#### THE DATA

┄┄┄┄┄┄┄┄┄┄┄┄┄┄┄┄┄┄┄┄

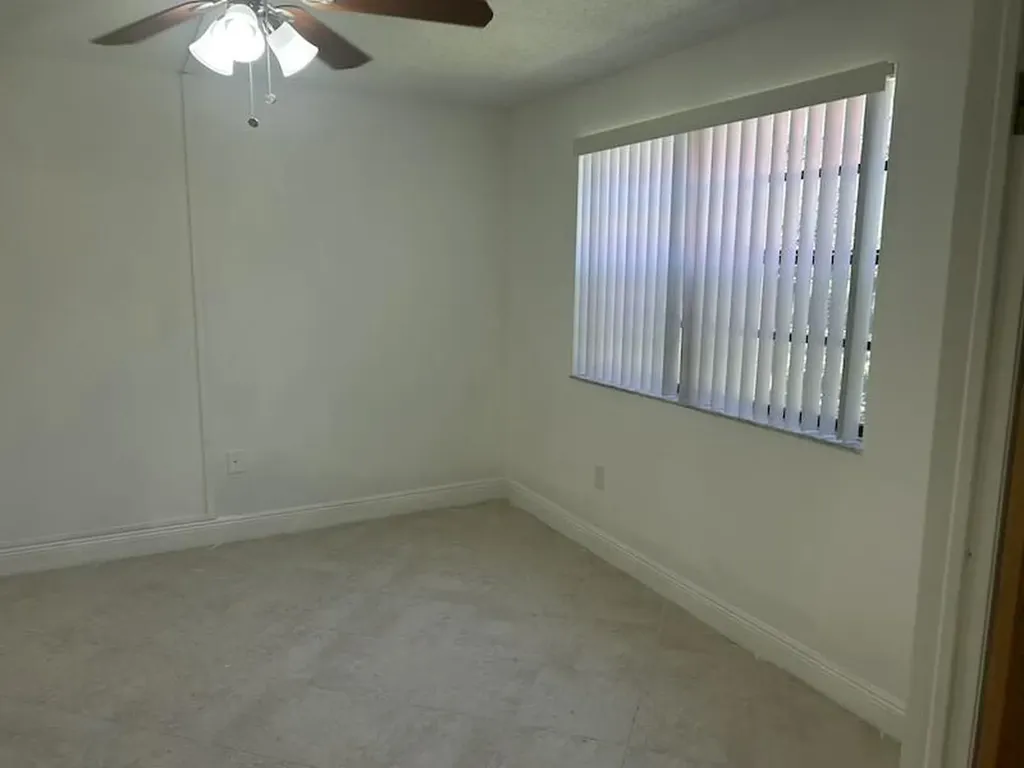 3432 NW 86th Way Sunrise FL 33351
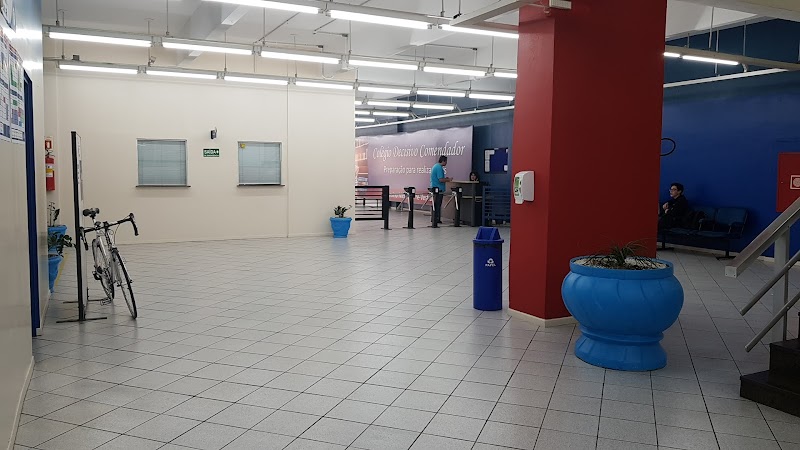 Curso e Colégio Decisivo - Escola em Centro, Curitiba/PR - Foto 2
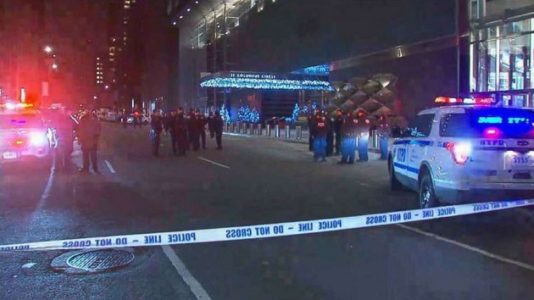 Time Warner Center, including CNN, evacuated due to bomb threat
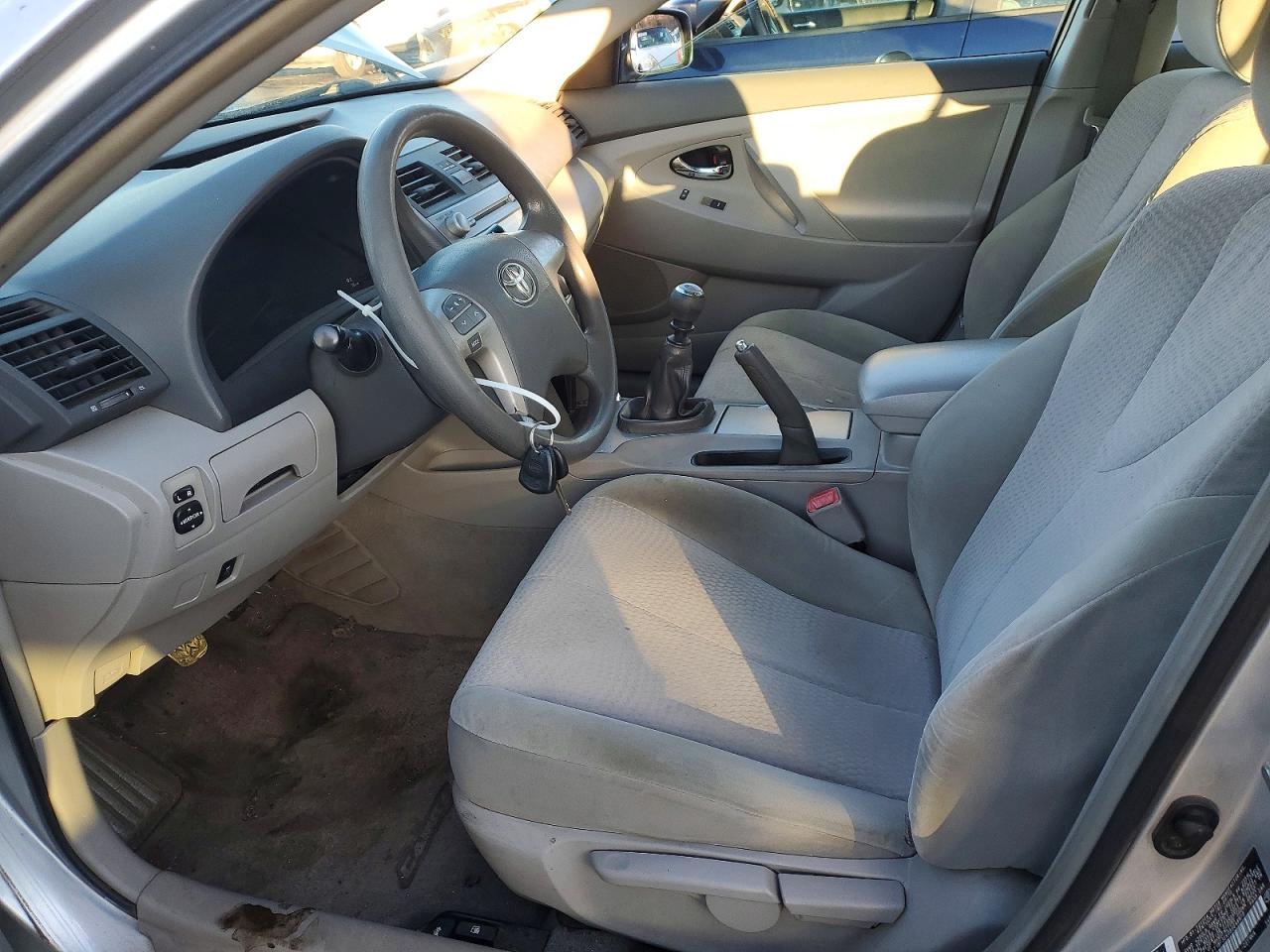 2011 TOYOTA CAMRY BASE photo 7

┄┄┄┄┄┄┄┄┄┄┄┄┄┄┄┄┄┄┄┄

Return all material verbatim, pictures omitted.

 3432 NW 86th Way Sunrise FL 33351
 Curso e Colégio Decisivo - Escola em Centro, Curitiba/PR - Foto 2
 Time Warner Center, including CNN, evacuated due to bomb threat
 2011 TOYOTA CAMRY BASE photo 7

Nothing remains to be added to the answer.